Security and Development: How to Manage Disparate Goals
March 2nd, 2017 | By Shaumik Daityari | 3 min read
Security and development teams have traditionally been separate organizational units of an IT firm, with their tasks well defined. Development teams primarily focused on design, implementation, and maintenance of applications, whereas the purpose of a security team was to monitor their network security (primarily on the server side) and solve security incidents. Decades ago, this structure of keeping the development and security teams as separate units worked fairly well, because their jobs did not overlap much.
In recent years, due to the advancement of technology and the emergence of innovative security threats, the boundary between the development and security teams has grown thinner. Their tasks have become interlinked as security is an integral part of the applications that are developed. However, as development and security teams are still separate entities within the organization, there is a friction between these teams if their goals are not aligned towards the same direction.
The cause of this friction is a phenomenon known as subunit orientation, which is a tendency to view a role within an organization strictly from the perspective of their own subunit. This simply means that a developer would give priority to their development goals over security goals, and vice versa for a security professional. Therefore, the need of the hour is to align development and security objectives towards a common goal and increase collaboration to meet the challenges of this changing scenario.

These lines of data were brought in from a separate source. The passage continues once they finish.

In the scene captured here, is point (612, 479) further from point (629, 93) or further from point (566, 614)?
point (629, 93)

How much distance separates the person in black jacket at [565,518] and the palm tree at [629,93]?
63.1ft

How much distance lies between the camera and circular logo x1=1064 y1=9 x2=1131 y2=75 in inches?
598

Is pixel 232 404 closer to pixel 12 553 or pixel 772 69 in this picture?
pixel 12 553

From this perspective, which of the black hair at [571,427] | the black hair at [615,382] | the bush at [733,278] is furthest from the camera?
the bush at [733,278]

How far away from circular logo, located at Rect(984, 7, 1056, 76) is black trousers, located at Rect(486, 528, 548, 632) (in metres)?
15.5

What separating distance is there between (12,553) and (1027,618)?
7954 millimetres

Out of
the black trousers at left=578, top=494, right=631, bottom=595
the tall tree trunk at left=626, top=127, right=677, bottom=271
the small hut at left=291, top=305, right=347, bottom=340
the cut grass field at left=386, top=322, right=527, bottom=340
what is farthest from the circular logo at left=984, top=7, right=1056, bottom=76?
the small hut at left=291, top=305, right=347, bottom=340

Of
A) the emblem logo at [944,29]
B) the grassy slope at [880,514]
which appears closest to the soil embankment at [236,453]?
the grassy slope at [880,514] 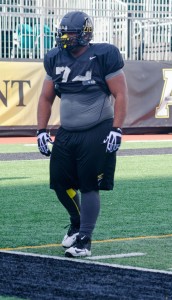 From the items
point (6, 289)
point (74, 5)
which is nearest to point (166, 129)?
point (74, 5)

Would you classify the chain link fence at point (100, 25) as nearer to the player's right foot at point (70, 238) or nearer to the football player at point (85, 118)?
the football player at point (85, 118)

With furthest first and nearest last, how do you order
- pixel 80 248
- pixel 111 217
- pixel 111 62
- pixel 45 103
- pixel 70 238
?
pixel 111 217, pixel 45 103, pixel 70 238, pixel 111 62, pixel 80 248

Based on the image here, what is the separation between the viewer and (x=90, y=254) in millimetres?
6957

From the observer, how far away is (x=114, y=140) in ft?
22.6

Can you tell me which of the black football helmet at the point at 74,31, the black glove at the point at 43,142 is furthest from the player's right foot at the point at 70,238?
the black football helmet at the point at 74,31

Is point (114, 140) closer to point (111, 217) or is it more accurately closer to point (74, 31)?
point (74, 31)

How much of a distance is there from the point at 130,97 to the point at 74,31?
54.6ft

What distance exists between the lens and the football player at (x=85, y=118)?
698cm

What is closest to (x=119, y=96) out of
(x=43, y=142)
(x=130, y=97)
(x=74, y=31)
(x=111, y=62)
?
(x=111, y=62)

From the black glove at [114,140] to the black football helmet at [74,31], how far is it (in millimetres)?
733

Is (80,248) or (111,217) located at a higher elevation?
(80,248)

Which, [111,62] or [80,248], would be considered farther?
[111,62]

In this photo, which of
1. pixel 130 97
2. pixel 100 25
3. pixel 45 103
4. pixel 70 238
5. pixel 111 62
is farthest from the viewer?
pixel 100 25

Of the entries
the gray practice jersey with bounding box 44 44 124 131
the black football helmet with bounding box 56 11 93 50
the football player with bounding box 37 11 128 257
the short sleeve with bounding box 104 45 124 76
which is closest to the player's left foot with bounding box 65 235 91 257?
the football player with bounding box 37 11 128 257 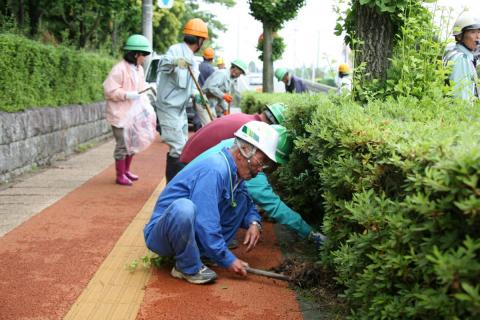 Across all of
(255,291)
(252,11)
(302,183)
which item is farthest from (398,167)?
(252,11)

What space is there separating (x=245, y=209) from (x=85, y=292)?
136cm

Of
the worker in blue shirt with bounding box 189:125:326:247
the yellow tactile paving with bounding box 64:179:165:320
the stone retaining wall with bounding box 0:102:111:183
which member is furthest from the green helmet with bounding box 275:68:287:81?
the worker in blue shirt with bounding box 189:125:326:247

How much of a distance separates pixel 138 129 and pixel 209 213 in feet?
13.8

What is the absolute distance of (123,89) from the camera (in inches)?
312

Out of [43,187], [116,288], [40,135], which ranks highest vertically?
[40,135]

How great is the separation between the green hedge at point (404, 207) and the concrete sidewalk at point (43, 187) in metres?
3.35

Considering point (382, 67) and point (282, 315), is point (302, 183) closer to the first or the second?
point (382, 67)

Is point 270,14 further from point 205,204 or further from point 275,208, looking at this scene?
point 205,204

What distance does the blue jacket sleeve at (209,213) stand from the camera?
406 cm

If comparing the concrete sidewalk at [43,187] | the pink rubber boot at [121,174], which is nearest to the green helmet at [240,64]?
the concrete sidewalk at [43,187]

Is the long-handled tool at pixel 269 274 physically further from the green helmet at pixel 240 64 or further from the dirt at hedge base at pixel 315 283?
the green helmet at pixel 240 64

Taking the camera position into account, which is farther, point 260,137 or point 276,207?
point 276,207

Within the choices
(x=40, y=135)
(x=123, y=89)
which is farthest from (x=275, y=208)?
Answer: (x=40, y=135)

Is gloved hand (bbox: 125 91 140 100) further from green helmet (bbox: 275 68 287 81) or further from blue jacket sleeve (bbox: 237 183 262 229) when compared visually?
green helmet (bbox: 275 68 287 81) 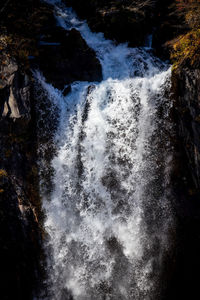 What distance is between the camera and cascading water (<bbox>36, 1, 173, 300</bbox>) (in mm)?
6320

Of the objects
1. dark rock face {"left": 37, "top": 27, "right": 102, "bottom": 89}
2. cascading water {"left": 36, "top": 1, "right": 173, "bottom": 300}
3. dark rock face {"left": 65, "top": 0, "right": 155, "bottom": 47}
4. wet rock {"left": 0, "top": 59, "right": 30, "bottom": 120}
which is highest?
dark rock face {"left": 65, "top": 0, "right": 155, "bottom": 47}

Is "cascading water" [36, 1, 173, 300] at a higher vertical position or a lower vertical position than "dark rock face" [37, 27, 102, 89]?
lower

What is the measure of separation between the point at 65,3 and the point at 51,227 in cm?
1327

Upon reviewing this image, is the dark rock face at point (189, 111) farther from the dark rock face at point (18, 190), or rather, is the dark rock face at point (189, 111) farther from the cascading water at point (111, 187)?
the dark rock face at point (18, 190)

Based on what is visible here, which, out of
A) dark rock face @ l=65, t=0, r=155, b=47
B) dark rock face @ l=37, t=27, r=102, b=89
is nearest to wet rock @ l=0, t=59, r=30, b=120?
dark rock face @ l=37, t=27, r=102, b=89

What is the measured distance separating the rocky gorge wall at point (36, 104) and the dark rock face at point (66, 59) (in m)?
0.05

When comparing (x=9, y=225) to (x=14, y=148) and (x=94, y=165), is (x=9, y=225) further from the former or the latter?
(x=94, y=165)

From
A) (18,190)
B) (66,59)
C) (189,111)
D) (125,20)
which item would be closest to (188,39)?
(189,111)

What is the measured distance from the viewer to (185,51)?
24.7ft

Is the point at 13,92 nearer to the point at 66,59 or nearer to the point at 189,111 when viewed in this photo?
the point at 66,59

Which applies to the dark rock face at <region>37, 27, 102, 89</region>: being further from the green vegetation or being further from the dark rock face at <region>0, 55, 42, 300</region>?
the green vegetation

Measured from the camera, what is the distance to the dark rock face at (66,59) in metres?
8.61

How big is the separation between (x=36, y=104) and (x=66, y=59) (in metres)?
2.91

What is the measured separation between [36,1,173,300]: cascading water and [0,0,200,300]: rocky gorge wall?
1.88 feet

The philosophy of DevOps, which has gained popularity over the last few years, has interlinked these tasks to increase the efficiency of the firm by reducing rework and fixing issues as they develop. Let us now look at a few DevOps paradigms, specific to our case with the objective of increasing collaboration between your development and security teams to enhance productivity.
The first step to bring in collaboration is to change the traditional mindset of separate development and security teams with completely different goals. To do so, an organization needs to promote a culture where these departments consider themselves a part of a common, larger team with one ultimate goal. By aligning the goals, each team would know the bigger picture and avoid diverting from that view. Further, each team needs to understand and respect the roles and goals of the other team and give them due consideration when undertaking their day-to-day activities.
Such a mindset may be achieved by focusing on delivering a superior product for the customer. Brainstorming may be done at the initial stages of a project to better understand how goals of various teams fit into the overall value proposition of the product, thus resolving possible conflicts at later stages.
A step in the right direction could be to bring both departments under the same roof and make them (or the unit heads) report to the same person. This way, the top-down goals are of both departments are aligned, and possible conflicts in their tasks are avoided. This step also removes the problem of subunit orientation, as the larger objective of each of these teams is to achieve the same goal.
As security is embedded in the software development process, members from the security team may be put into projects of software development as consultants. This ensures that security goals are aligned and security policies of the firm are followed right from the design phase, which minimizes the possibility of rework later. This also helps the security team to be aware of the goals of the development teams, which reduces the possibility of conflicts.
An example where this might be helpful is to combat client-side security threats. Traditionally, security teams have focused on server side threats, but client-side threats like the Man in the Browser attack, which are undetectable on the server side, may cause huge financial losses to a business. By working with the development team, the security team can provide solutions to work on client-side threats too.
Traditionally, a security team worked in the background, tirelessly working to make your product safe from cyber attacks. However, with an active role in the development process, security may be bundled with a product offering to improve the value proposition to a customer. Enhanced security in a product might also help a firm provide a differentiated offering as compared to its competitors, gaining an edge in a competitive industry.
Yet another way for collaboration of security and development teams is to work together on security incidents. One step could be to merge the issue trackers of development and security teams, thereby developing an ability to clearly define and track activities for various incidents. This process would improve the efficiency and responsiveness by making use of the synergy of working together.
In the modern competitive environment, it is necessary to use resources efficiently to survive and grow. Getting the development and security teams to work together through modern day DevOps paradigms will go a long way in achieving the objective of creating a lean organization.